═════ Supplied data
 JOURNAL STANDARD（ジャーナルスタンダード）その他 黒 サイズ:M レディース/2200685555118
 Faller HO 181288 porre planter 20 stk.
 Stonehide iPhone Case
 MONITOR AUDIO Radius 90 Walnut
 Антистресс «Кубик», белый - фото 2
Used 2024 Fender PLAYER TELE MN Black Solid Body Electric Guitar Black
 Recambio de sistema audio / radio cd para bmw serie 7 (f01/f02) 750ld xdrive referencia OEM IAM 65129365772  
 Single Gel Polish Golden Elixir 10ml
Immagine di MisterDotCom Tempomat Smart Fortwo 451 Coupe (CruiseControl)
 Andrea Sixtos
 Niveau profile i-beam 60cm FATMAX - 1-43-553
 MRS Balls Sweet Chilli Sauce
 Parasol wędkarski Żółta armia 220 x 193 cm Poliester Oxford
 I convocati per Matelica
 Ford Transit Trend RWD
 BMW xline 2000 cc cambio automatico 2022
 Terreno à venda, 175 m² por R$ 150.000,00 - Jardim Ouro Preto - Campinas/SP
══════════
Exercise aim:
What you return should be only the lines from the line containing "Parasol wędkarski Żółta" through the end of the material above, reproduced exactly, first and last included.

Problem solution:
 Parasol wędkarski Żółta armia 220 x 193 cm Poliester Oxford
 I convocati per Matelica
 Ford Transit Trend RWD
 BMW xline 2000 cc cambio automatico 2022
 Terreno à venda, 175 m² por R$ 150.000,00 - Jardim Ouro Preto - Campinas/SP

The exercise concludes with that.